■ Directions
Repeat each record word for word. Leave nothing out.

■ Records supplied
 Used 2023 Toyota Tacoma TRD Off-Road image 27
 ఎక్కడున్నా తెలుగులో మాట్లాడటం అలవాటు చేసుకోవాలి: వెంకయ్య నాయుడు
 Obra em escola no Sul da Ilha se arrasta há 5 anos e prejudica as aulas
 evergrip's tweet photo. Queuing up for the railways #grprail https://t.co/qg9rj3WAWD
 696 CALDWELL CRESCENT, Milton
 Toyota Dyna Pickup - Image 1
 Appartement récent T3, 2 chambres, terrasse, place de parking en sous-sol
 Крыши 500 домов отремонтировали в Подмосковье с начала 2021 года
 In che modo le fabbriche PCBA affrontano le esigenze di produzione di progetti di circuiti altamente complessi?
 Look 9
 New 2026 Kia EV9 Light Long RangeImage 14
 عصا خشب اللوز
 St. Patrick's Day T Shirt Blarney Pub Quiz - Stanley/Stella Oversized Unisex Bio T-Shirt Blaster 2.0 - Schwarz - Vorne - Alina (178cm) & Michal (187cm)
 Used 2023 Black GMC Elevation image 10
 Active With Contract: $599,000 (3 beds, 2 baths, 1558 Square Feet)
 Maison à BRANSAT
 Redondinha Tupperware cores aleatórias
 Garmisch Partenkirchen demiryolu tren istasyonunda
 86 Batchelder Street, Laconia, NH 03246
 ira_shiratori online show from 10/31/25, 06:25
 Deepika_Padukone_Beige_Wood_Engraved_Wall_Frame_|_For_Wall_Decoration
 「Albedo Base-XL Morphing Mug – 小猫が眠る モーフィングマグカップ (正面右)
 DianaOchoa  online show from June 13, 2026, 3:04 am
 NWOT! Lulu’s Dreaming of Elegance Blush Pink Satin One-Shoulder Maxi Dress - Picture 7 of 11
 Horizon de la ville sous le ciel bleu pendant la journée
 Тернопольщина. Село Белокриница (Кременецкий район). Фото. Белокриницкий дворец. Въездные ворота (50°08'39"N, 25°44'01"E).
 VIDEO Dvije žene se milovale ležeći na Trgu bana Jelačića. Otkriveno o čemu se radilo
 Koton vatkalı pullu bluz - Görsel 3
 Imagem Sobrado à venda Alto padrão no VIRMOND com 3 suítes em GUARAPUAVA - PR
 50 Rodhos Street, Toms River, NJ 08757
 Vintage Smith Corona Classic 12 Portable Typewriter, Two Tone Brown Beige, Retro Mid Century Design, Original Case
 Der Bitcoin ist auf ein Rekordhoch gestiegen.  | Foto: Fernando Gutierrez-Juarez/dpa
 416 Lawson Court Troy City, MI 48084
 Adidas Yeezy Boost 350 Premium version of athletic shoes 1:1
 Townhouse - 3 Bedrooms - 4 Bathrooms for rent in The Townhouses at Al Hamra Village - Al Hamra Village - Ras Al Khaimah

■ Answer to this problem
 Used 2023 Toyota Tacoma TRD Off-Road image 27
 ఎక్కడున్నా తెలుగులో మాట్లాడటం అలవాటు చేసుకోవాలి: వెంకయ్య నాయుడు
 Obra em escola no Sul da Ilha se arrasta há 5 anos e prejudica as aulas
 evergrip's tweet photo. Queuing up for the railways #grprail https://t.co/qg9rj3WAWD
 696 CALDWELL CRESCENT, Milton
 Toyota Dyna Pickup - Image 1
 Appartement récent T3, 2 chambres, terrasse, place de parking en sous-sol
 Крыши 500 домов отремонтировали в Подмосковье с начала 2021 года
 In che modo le fabbriche PCBA affrontano le esigenze di produzione di progetti di circuiti altamente complessi?
 Look 9
 New 2026 Kia EV9 Light Long RangeImage 14
 عصا خشب اللوز
 St. Patrick's Day T Shirt Blarney Pub Quiz - Stanley/Stella Oversized Unisex Bio T-Shirt Blaster 2.0 - Schwarz - Vorne - Alina (178cm) & Michal (187cm)
 Used 2023 Black GMC Elevation image 10
 Active With Contract: $599,000 (3 beds, 2 baths, 1558 Square Feet)
 Maison à BRANSAT
 Redondinha Tupperware cores aleatórias
 Garmisch Partenkirchen demiryolu tren istasyonunda
 86 Batchelder Street, Laconia, NH 03246
 ira_shiratori online show from 10/31/25, 06:25
 Deepika_Padukone_Beige_Wood_Engraved_Wall_Frame_|_For_Wall_Decoration
 「Albedo Base-XL Morphing Mug – 小猫が眠る モーフィングマグカップ (正面右)
 DianaOchoa  online show from June 13, 2026, 3:04 am
 NWOT! Lulu’s Dreaming of Elegance Blush Pink Satin One-Shoulder Maxi Dress - Picture 7 of 11
 Horizon de la ville sous le ciel bleu pendant la journée
 Тернопольщина. Село Белокриница (Кременецкий район). Фото. Белокриницкий дворец. Въездные ворота (50°08'39"N, 25°44'01"E).
 VIDEO Dvije žene se milovale ležeći na Trgu bana Jelačića. Otkriveno o čemu se radilo
 Koton vatkalı pullu bluz - Görsel 3
 Imagem Sobrado à venda Alto padrão no VIRMOND com 3 suítes em GUARAPUAVA - PR
 50 Rodhos Street, Toms River, NJ 08757
 Vintage Smith Corona Classic 12 Portable Typewriter, Two Tone Brown Beige, Retro Mid Century Design, Original Case
 Der Bitcoin ist auf ein Rekordhoch gestiegen.  | Foto: Fernando Gutierrez-Juarez/dpa
 416 Lawson Court Troy City, MI 48084
 Adidas Yeezy Boost 350 Premium version of athletic shoes 1:1
 Townhouse - 3 Bedrooms - 4 Bathrooms for rent in The Townhouses at Al Hamra Village - Al Hamra Village - Ras Al Khaimah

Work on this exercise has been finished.